Die IMO werde in erster Linie von sogenannten Flaggenstaaten


wie Panama oder den Bahamas dominiert, kritisiert Sönke Diesener,
Schifffahrtsexperte der Umweltorganisation Nabu. Solche Länder
verhinderten, dass die Organisation eine ambitionierte Klimastrategie
verfolge. »Einige Staaten vertreten bei der IMO eher die Interessen
internationaler Reedereien als die Interessen der eigenen Bevölkerung.«

Die martime Industrie müsste zudem enorme Investitionen stemmen. Die


Branche spricht von Billionen, die nötig wären, um die Flotten auf
klimaneutral zu trimmen und eine Treibstoffinfrastruktur zu schaffen. Das
Henne-Ei-Dilemma: Die Schiffseigner investieren nicht, solange es keine
entsprechend ausgestatteten Hafenanlagen gibt. Und die Häfen investieren
nicht, solange es keine Schiffe mit Alternativantrieb gibt.

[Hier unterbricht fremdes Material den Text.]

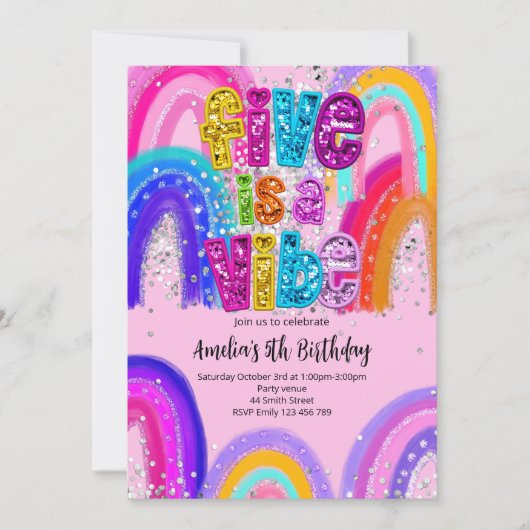 Invitation d'anniversaire 5 ans 'Five is a Vibe' (Devant)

In dieser unklaren Situation agiert auch die Branche unentschieden und hält
sich technologisch alle Optionen offen. Sie entwickelt Motoren, die in der
Lage sind, verschiedene Treibstoffe beizumischen (»Drop-in Fuels«) oder die
sich mit unterschiedlichen Kraftstoffen betreiben lassen (»Dual Fuel«), mit
LNG etwa und zugleich mit Ammoniak. »Wir gestalten die Motoren so
flexibel wie möglich«, sagt MAN-Energy-Solutions-Forschungschef Stiesch.
Alle neu bestellten Maersk-Schiffe werden laut Konzern für zweifachen
Betrieb ausgelegt.

Auch das Pionierschiff, das die griechische Reederei in China bestellt hat,
soll nicht nur mit Ammoniak laufen. Der Tanker wird »Ammonia-ready«
sein, also darauf vorbereitet, auf klimaschonenden Betrieb zu wechseln. Bis
dies möglich ist, werden aber einige Jahre vergehen. So lange wird das Schiff
noch tonnenweise konventionellen Treibstoff verbrennen.